### Input
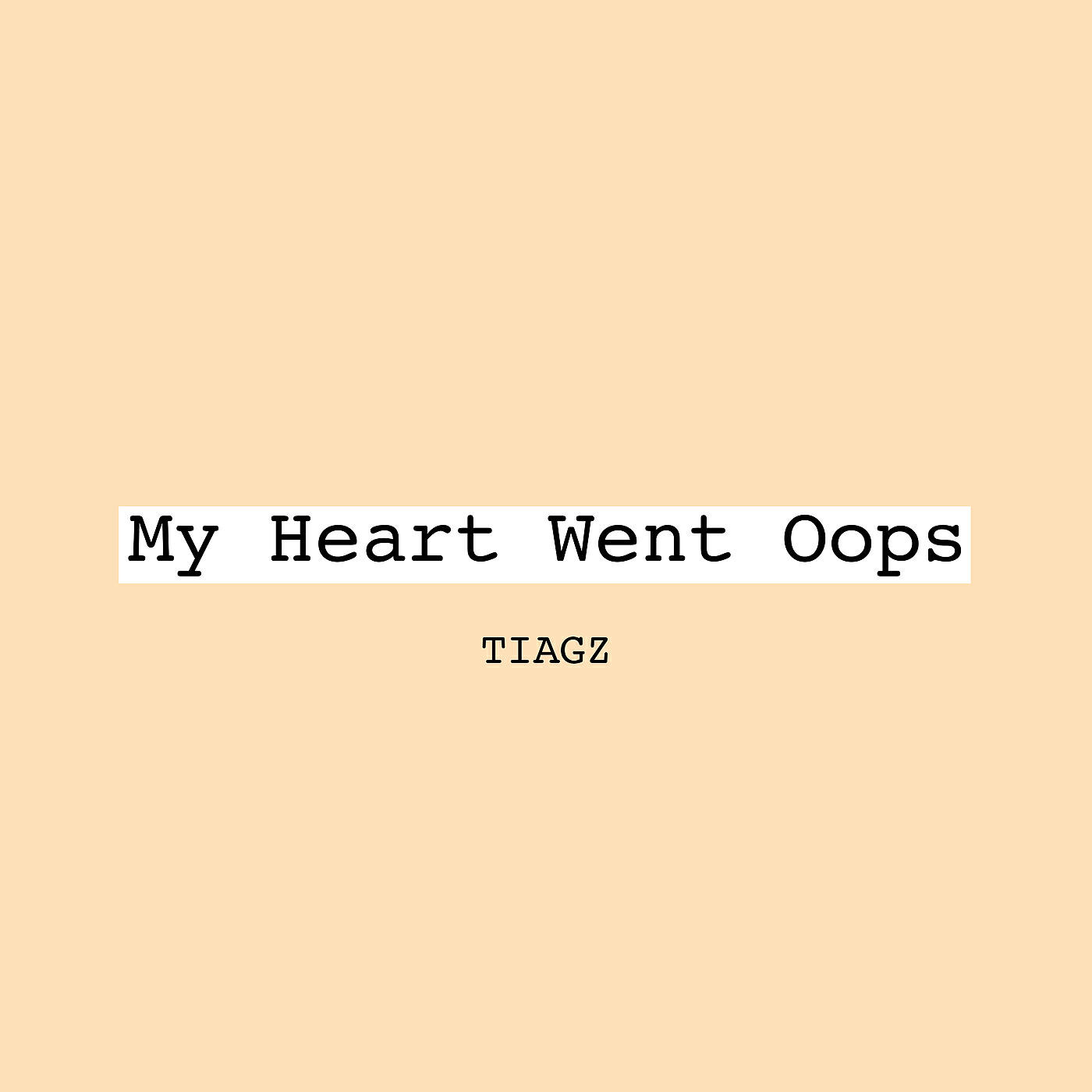 Tiagz - My Heart Went Oops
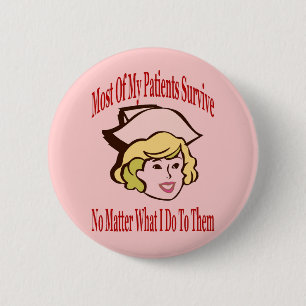 Nurse Comical Comment 6 Cm Round Badge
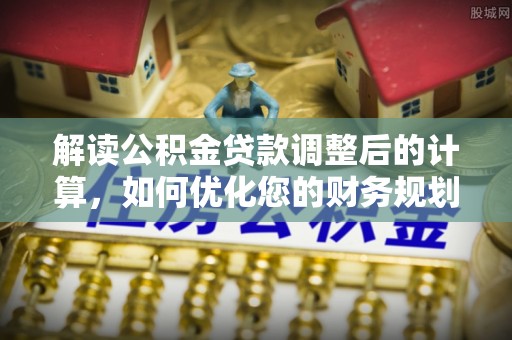 荆门解读公积金贷款调整后的计算，如何优化您的财务规划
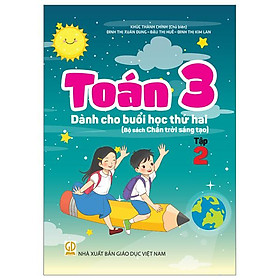 Toán 3 - Tập 2 - Dành Cho Buổi Học Thứ Hai (Bộ Sách Chân Trời Sáng Tạo)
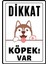 Dikkat Köpek Var Uyarı Ikaz Levhası Pvc Kaplama A4 Kurt 1
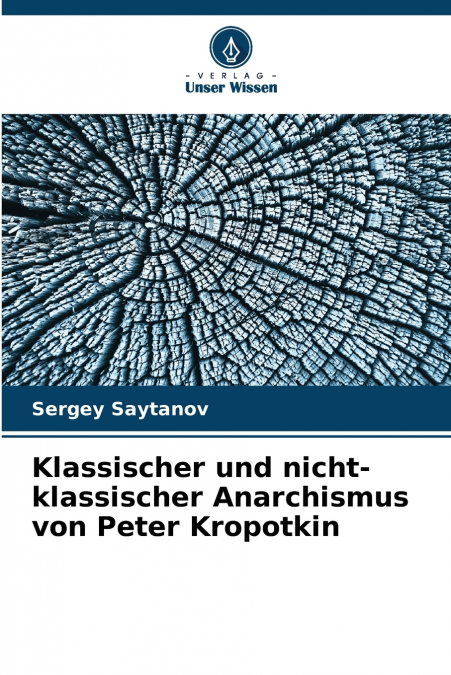 KLASSISCHER UND NICHT-KLASSISCHER ANARCHISMUS VON PETER KROP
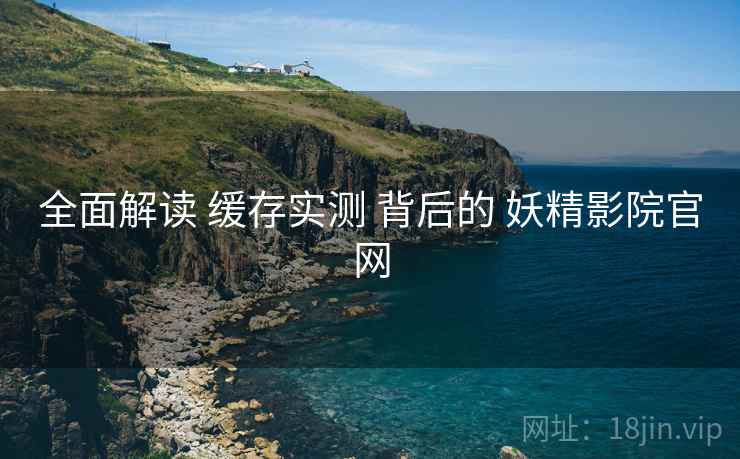 全面解读 缓存实测 背后的 妖精影院官网  第1张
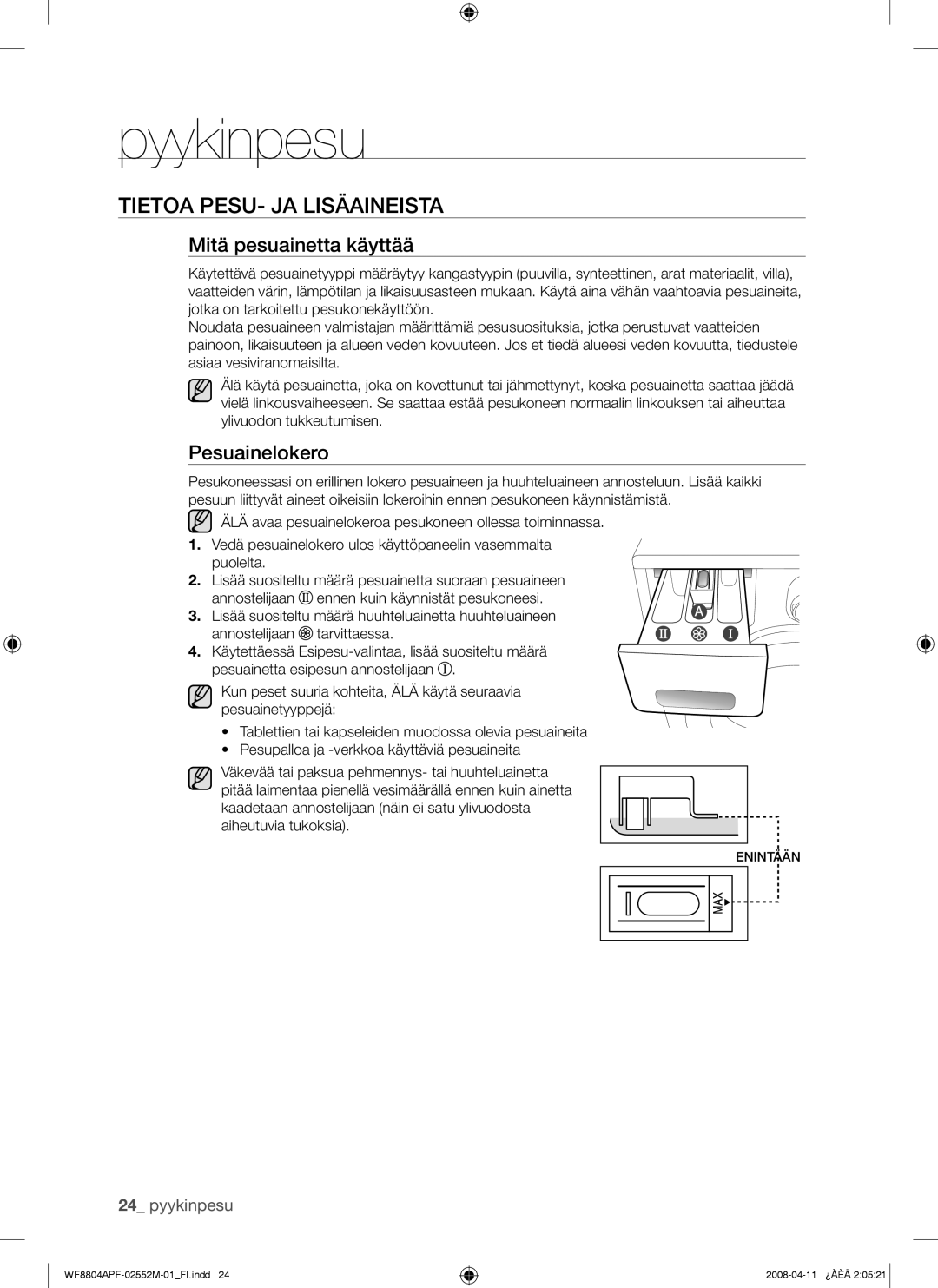 Samsung WF8704APA/XEE manual Tietoa PESU- JA Lisäaineista, Mitä pesuainetta käyttää, Pesuainelokero 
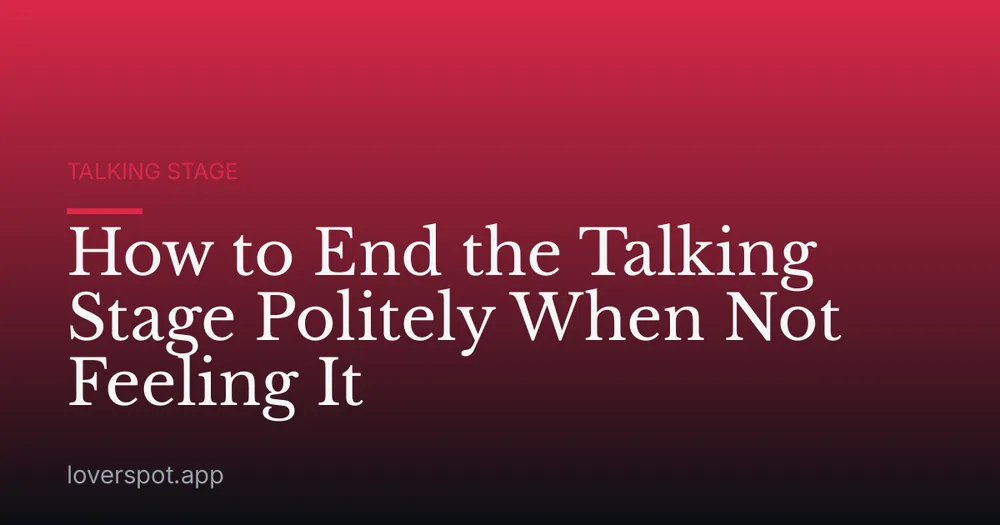 How to End the Talking Stage Politely When Not Feeling It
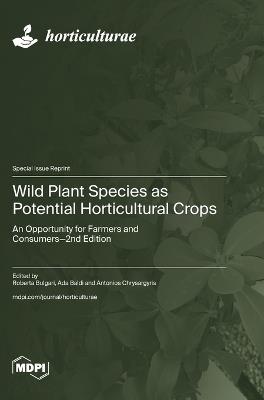 Wild Plant Species as Potential Horticultural Crops: An Opportunity for Farmers and Consumers-2nd Edition - cover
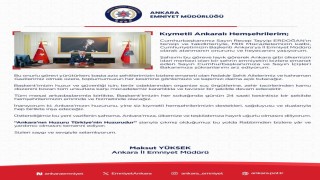 Ankara İl Emniyet Müdürü Yüksek: Mücadelemiz kararlılıkla ve tavizsiz bir şekilde devam edecektir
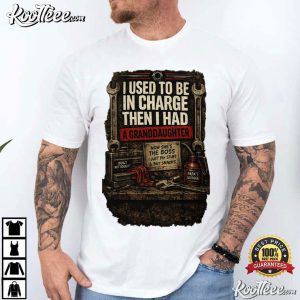 I Used To Be In Charge Then I Had A Granddaughter Funny Grandparent T Shirt (3)
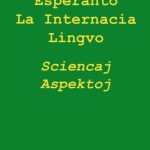 خرید و دانلود نسخه کامل کتاب Esperanto, La Internacia Lingvo: Sciencaj Aspektoj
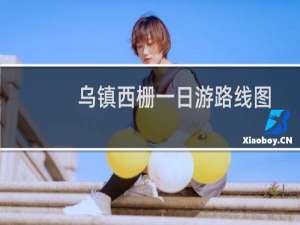 乌镇西栅一日游路线图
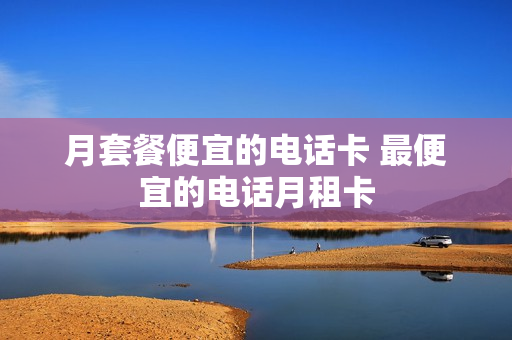 月套餐便宜的电话卡 最便宜的电话月租卡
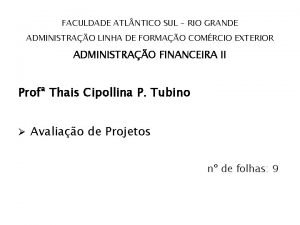 FACULDADE ATL NTICO SUL RIO GRANDE ADMINISTRAO LINHA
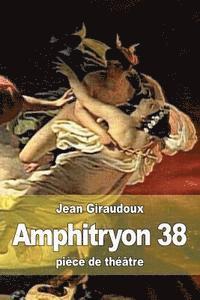 Jean Giraudoux - Amphitryon 38, Häftad. Tillgänglighet: Lägg i varukorg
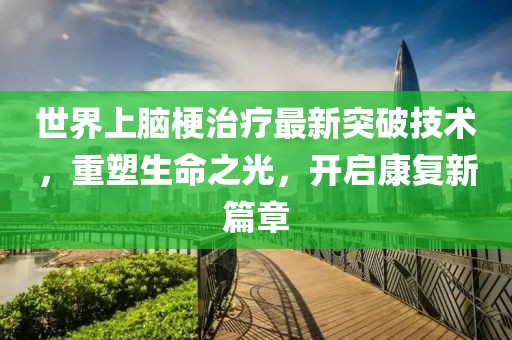 世界上腦梗治療最新突破技術(shù)，重塑生命之光，開(kāi)啟康復(fù)新篇章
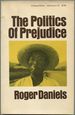 The Politics of Prejudice: the Anti-Japanese Movement in California and the Struggle for Japanese Exclusion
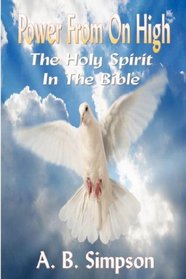 The Holy Spirit: Power from on High (Complete Edition - The Holy Spirit Throughout The Old & New Testaments)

### Problem description
The listing above should be repeated word for word, with every image left out.

### Expected output
 Tiagz - My Heart Went Oops
 Nurse Comical Comment 6 Cm Round Badge
 荆门解读公积金贷款调整后的计算，如何优化您的财务规划
 Toán 3 - Tập 2 - Dành Cho Buổi Học Thứ Hai (Bộ Sách Chân Trời Sáng Tạo)
 Dikkat Köpek Var Uyarı Ikaz Levhası Pvc Kaplama A4 Kurt 1
 KLASSISCHER UND NICHT-KLASSISCHER ANARCHISMUS VON PETER KROP
 全面解读 缓存实测 背后的 妖精影院官网  第1张
 Samsung WF8704APA/XEE manual Tietoa PESU- JA Lisäaineista, Mitä pesuainetta käyttää, Pesuainelokero 
 How to End the Talking Stage Politely When Not Feeling It
 Wild Plant Species as Potential Horticultural Crops: An Opportunity for Farmers and Consumers-2nd Edition - cover
 Ankara İl Emniyet Müdürü Yüksek: Mücadelemiz kararlılıkla ve tavizsiz bir şekilde devam edecektir
 I Used To Be In Charge Then I Had A Granddaughter Funny Grandparent T Shirt (3)
 خرید و دانلود نسخه کامل کتاب Esperanto, La Internacia Lingvo: Sciencaj Aspektoj
 乌镇西栅一日游路线图
 月套餐便宜的电话卡 最便宜的电话月租卡
 FACULDADE ATL NTICO SUL RIO GRANDE ADMINISTRAO LINHA
 Jean Giraudoux - Amphitryon 38, Häftad. Tillgänglighet: Lägg i varukorg
 世界上腦梗治療最新突破技術(shù)，重塑生命之光，開(kāi)啟康復(fù)新篇章
 The Politics of Prejudice: the Anti-Japanese Movement in California and the Struggle for Japanese Exclusion
 The Holy Spirit: Power from on High (Complete Edition - The Holy Spirit Throughout The Old & New Testaments)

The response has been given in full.